Then it is determined whether the weights (which are labeled with
530-series reference numerals in FIG. 5 and will be referred to
collectively with the reference numeral "530") of the synapses
(which are labeled with 520-series reference numerals in FIG. 5 and
will be referred to collectively with the reference numeral "520")
have converged sufficiently to produce an "error rate" (which is
defined as the difference between the current neural network's
training output and the labeled test data) which is below a
predetermined value to consider the neural network (500) trained,
as is described in detail below in conjunction with the description
of FIG. 5. If the neural network weights (530) have converged
(381), the training process (350) is ended. If the neural network
weights (530) have not converged (382), then it is determined (385)
whether all sides of the workpiece (100) have been pruned. If not
(387), then the workpiece (100) is rotated (390) by the workpiece
positioner (225) by a rotation increment (as described above in
FIG. 3A). If so (386), then another workpiece (100) is put (360) in
the workpiece positioner (225), and the process continues as
described above.
[0050] FIG. 4A shows the stages of image processing (400) of the
workpiece (100) according to the preferred embodiment of the
present invention to create the depth image (420) and texture
threshold image (445) which are fed to a neural network (500)
(which is shown in FIG. 5 and discussed in detail below) to
determine which low resin-density areas should be removed. In
particular, the stereoscopic camera (249) photographs the workpiece
(100) to produce left camera image data (401a) and right camera
image data (401b), which is sent to the electric controller (250).

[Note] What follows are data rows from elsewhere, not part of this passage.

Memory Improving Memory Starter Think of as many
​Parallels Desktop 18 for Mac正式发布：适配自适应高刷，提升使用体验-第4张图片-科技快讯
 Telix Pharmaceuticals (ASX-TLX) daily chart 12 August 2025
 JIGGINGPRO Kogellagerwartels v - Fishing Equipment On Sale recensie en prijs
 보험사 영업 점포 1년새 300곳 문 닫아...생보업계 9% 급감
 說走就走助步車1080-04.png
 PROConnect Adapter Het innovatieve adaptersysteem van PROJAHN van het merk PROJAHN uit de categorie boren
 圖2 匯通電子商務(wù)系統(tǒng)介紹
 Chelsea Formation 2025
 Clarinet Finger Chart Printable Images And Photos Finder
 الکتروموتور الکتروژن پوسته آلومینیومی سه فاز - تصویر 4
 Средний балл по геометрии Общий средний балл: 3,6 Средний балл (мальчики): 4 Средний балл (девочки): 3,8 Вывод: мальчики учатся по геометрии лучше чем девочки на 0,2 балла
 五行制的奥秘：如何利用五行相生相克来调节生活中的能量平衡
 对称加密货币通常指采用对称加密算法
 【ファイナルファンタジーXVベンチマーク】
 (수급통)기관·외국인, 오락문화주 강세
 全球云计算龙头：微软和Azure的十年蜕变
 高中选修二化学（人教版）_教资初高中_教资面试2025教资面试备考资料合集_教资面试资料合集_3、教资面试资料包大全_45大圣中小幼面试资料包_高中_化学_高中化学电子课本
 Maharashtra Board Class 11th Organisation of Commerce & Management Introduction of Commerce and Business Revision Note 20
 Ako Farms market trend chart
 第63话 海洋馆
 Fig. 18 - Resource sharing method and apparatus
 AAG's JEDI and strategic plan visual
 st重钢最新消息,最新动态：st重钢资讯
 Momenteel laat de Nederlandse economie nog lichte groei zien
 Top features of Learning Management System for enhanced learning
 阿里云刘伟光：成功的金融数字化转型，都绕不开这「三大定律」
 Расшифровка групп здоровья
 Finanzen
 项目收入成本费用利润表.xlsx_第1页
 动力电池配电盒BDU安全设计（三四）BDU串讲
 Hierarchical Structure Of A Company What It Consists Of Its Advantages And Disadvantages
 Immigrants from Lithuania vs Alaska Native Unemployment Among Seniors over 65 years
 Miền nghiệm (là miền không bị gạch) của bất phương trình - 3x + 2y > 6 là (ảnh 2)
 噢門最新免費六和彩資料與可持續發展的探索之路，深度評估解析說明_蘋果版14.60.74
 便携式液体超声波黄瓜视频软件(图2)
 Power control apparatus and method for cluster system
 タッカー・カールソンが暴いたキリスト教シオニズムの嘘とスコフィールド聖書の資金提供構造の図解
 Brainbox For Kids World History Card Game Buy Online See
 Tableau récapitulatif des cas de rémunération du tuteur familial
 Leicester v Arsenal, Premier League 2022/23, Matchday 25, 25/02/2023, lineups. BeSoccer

For each pair of camera images (401a) and (401b) the electric
controller (250) generates a disparity image (410) which is a
grey-scale image where the spatial disparity between each point on
the workpiece (100) as viewed by the left and right cameras (249a)
and (249b), respectively, is reflected in the degree of whiteness
of the associated pixel, with closer areas on the workpiece (100)
being more white and farther areas being more black. More
particularly, the disparity image (410) is produced by the
application of intrinsic and extrinsic matrices, where the
extrinsic matrix calculations correct for imperfections in the
optics, and the intrinsic matrix calculations determine depth based
on the differences in the two images. The electric controller (250)
converts the disparity image (410) to a depth image (420) by (i)
converting the 8-bit integer disparity values from the disparity
image (410) to a floating point number representing the distance of
that point on the workpiece (100) from a ground plane in
millimeters, where the ground plane is a plane which is located
behind the workpiece (100) and is parallel to the x-z plane, and
(ii) mapping color information from the left stereo camera (401a)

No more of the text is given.